Toronto – Rivera et Kahlo. Le muraliste qui a peint l’histoire du Mexique dans la marche de personnages aussi humbles que fulgurants, et la peintre, fille de la révolution, qui a enluminé la souffrance, la ville, le pays, et l’espoir. Entre les deux, un ruban coloré avec un message écrit à la main : « Viva la vida ». Ou, comme dans un tableau de Frida : « Arbre de l’espérance, sois solide ».

C’est un chemin de pétales de fleurs - comme pour une cérémonie du jour des Morts - que nous ont tracé conjointement l’Art Gallery of Ontario à Toronto et le High Museum of Art d’Atlanta. Un chemin que l’on parcourt avec une grande émotion.


Émotion, d’abord parce que rarement avons-nous l’occasion de voir tant de tableaux de Frida Kahlo : près d’un quart de ses oeuvres sont offertes à notre regard. Émotion aussi, parce que voir le travail de Diego Rivera, accolé ainsi à celui de sa compagne, nous montre à quel point les deux étaient impliqués dans la fondation d’une culture postrévolutionnaire.


Enfin, les photographies d’eux exposées à la fin du parcours nous dévoilent un aspect saisissant de leur personnalité. Diego le timide, le géant, le crapaud. Et surtout Frida, le colibri, le cerf indépendant et blessé, travaillant toujours la forme de l’autoportrait, même devant la caméra.


L’exposition est construite autour de cette foi qu’ils avaient dans le pouvoir transformateur de l’art et de la politique. Si on présente ici surtout les travaux de chevalet de Rivera, c’est par certains des éléments picturaux de ses murales que l’on peut déceler la force de ce qui le liait à Frida : elle y apparaît souvent comme personnage, elle aimait comme lui la beauté de la terre et des couleurs du Mexique, elle se servait de détails inspirés de l’iconographie précolombienne. Mais alors que Rivera est toujours resté assez près de ses influences européennes, Kahlo était fortement inspirée par l’art populaire, recréant la forme d’ex-voto dans plusieurs tableaux, par exemple, et reconnaissant dans son identité métissée la source profonde de son langage.


Être regardée


C’est une chose que l’exposition réussit à mettre en relief. Paradoxalement, en confrontant son univers avec celui de Rivera. Quand on a déjà plongé dans l’univers de Kahlo, par la connaissance de son personnage, par les films, par les livres, on a l’intuition que quelque chose se passe de plus, qui va bien au-delà de la « fridolâtrie » dont plusieurs sont atteints. Se retrouver devant plus d’une dizaine de ses autoportraits les plus connus, être regardée par eux, confirme la puissance et l’originalité de cette artiste. Frida Kahlo a travaillé la plupart de ses oeuvres en petits formats, mais les voir de près fait comprendre la force qui se dégage de l’interprétation toute personnelle qu’elle fait de sa passion pour la peinture votive. Autoportrait avec cheveux courts, par exemple, ou celle intitulée L’hôpital Henry Ford, sont travaillées comme des miniatures. S’en dégage une résonnance impossible à décrire. Tout y semble à la fois animé et figé, et son visage est toujours peint comme une sorte de masque. Les détails qui signent la particularité de son monde se détachent : symboles, animaux, fleurs, cheveux se transformant en couronnes, veines, épines et plantes. On perçoit à quel point elle était enracinée dans sa réalité, pourquoi elle refusait de s’enfermer dans l’étiquette surréaliste dont l’avait recouvert André Breton. « Le problème avec el señor Breton, disait-elle, c’est qu’il se prend très au sérieux ! » Cette façon de parler dénote une indépendance d’esprit et un humour, noir, emblématique de cet alegría qui la caractérisait, trait important de la culture mexicaine.

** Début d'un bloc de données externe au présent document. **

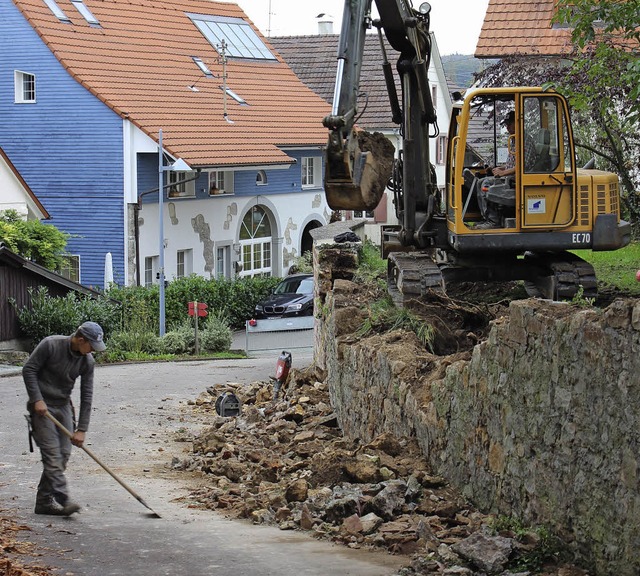 In Binzen wird die Mauer um den Pfarrgarten saniert.   | Foto: privat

Le travail d’autoportraitiste de Frida relève en effet plus du réalisme magique que du surréalisme pur et dur. J’ai eu la chance de voir la très belle exposition Au pays des merveilles à Québec, et le point de vue offert par cette rétrospective m’a permis de saisir la portée du travail des femmes artistes à une époque encore dominée par la culture patriarcale. Le recours à l’autoportrait y est présenté comme une façon de résister au genre épique, entre autres, une façon de reconstruire leur identité en composant un récit pictural brisant les frontières, quelles qu’elles soient. On sait que Frida Kahlo en a fait plus d’une cinquantaine au cours de sa vie. Sa force est d’avoir su convoquer tout un univers à travers des fragments d’elle-même, des miettes colorées de son corps vécu comme un champ de bataille. Cette fragmentation devient celle du monde dans lequel nous vivons. Rarement ai-je pu sentir avec une telle acuité la souffrance, non seulement la sienne, mais celle de ceux pour qui elle peignait.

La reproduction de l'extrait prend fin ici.